Alibaba karakolunun önünden bizleri başka arabaya bindirdiler, hastaneye gidiyoruz. Arabanın yan camını açtım, kepenek caddesinden, Yalçın sinemasının önünden geçerken bağırıyorum. “Alibaba da olaylar var, milleti öldürüyorlar, yetişin” diye feryat ediyorum. Numune Hastanesine varıyoruz, henüz öğlenin on ikisi, bizi yatırıp birer tane tatanoz iğnesi yapıyorlar, film çekmek için sedyelerle aşağı indiriyorlar, birden bire hastanenin kapıları arkasına kadar açılıyor ve birisi “sedyeleri boşaltın, ne kadar çalışan varsa hepsi buraya gelsin, çok ölü ve çok yaralı var” diyor. Getirilen yaralılarla hastanenin bütün odaları doluyor, yer kalmayınca Sigorta ve Demiryolu hastanesine gönderiliyor. Ölüler ise morgları dolduruyor.

        O gün olaylar çukur tarla mevkii ile Kolej civarında başlıyor. Çukur tarla halkından iki kadının ölmesi ve birçok insanın silahla yaralanması ile devam ediyor. Olayların daha büyümesini ve istenilen neticenin elde edilmesini isteyen solcu teröristler, Ali baba mahallesine her hafta kurulan bölge pazarına saldırıyorlar, rast gele ateş ediyorlar, birçok insan da orada yaralanıyor. Sonra olaylar Sivas’ın tümüne sirayet ediyor. Dede balı mahallesinde, Çavuşbaşında, Altuntabak mahallesinde, Tuzlugölde ve Sivas’ın merkezinde ölümler ve çok sayıda yaralanmalar oluyor. Birçok mahallede yangınlar çıkıyor. Bizler olup biteni Numune hastanesinin penceresinden seyrediyoruz, gelen yaralılardan bilgiler alıyoruz. Olaylar Arife günü ile kalmıyor Bayram günü yine devan ediyor. Alevilerle, Sünniler arasına deva bulunmaz bir dert açılmış oluyor. Sünniler saldıran, zalim gurup, Aleviler ise saldırılan, hakları gasp edilen, mağdur ve mazlum bir gurup olarak lanse ediliyor. Zamanın içişleri Bakanı İrfan Özaydınlı aynı günün akşamı hastaneye geliyor, benimle konuşuyor, olayların nasıl çıktığını anlatıyorum, fakat akşam haberlerinde bizim anlattıklarımız verilmiyor, Kolej’den bir alevi kadın konuşturularak nasıl mağdur oldukları anlattırılıyor.

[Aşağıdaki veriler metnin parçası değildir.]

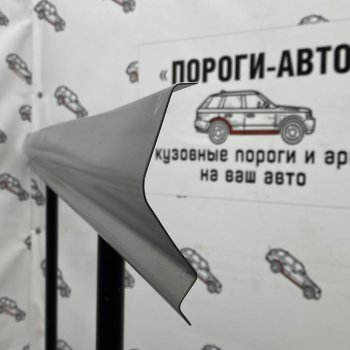 3 899 р. Комплект порогов (Ремкомплект) полупрофиль Пороги-Авто Лада Приора 2172 хэтчбек дорестайлинг (2008-2014) (холоднокатаная сталь 1 мм)  с доставкой в г. Санкт‑Петербург. Увеличить фотографию 1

          Hâlbuki olayların sonunda görülüyor ki on bir kişi ölmüş, ölenlerin ikisi Alevi vatandaşı, sonradan anlaşılıyor ki birini de kaza ile kendileri arkasından ateş ederek öldürmüşler. Ölenlerin dokuz tanesi ise Sünni vatandaş. Yaralananların ise yüz tanesi silahla yaralanmış. Bunların tamamı Sünni idi. Birkaç tane darp yaralısı ise Alevilerden idi. Aynı milletin evlatları, aynı dinin mensupları ve aynı yurdun vatandaşları olan ve asırlardır bu topraklarda yaşamış, kaderde ve kıvançta bir olmuş bu insanlar, böyle birbirine düşürüldü, husumet tohumları böyle ekildi. Günümüzün insanı hala o ekilen acı tohumların meyvesini yemeye devam ediyor.